When observing Kuiper Belt objects from the ground, we can only observe them at small solar phase angles (the angle between the sun, the object, and the observer). On the other hand, when observing a Kuiper Belt object from a spacecraft in the Kuiper Belt, the same object can be observed at various phase angles and its reflection characteristics can be used to estimate the surface properties of the object. This is something only New Horizons can do.

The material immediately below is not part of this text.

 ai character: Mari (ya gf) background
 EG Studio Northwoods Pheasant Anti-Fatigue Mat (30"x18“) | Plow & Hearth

Telescopic Collaborations Enhance Space Missions

However, the camera on the spacecraft has a narrow field of view and cannot discover Kuiper Belt objects on its own. This is where the Subaru Telescope comes in. The Subaru Telescope uses its wide-field camera to find many Kuiper Belt objects and then narrow down the list of objects that the spacecraft can fly by and observe. This collaboration between New Horizons and the Subaru Telescope began in 2004.

For observations conducted during 2004-2005 with Subaru Telescope’s prime focus camera (Suprime-Cam), due to the orbital relationship between Pluto and the spacecraft, an area near the center of the Milky Way Galaxy got caught in the background of the search area for Kuiper Belt objects. Although it was extremely difficult to search for Solar System objects with many background stars, the research team was able to find 24 Kuiper Belt objects (for more information, see Reference 1  Buie et al. 2024).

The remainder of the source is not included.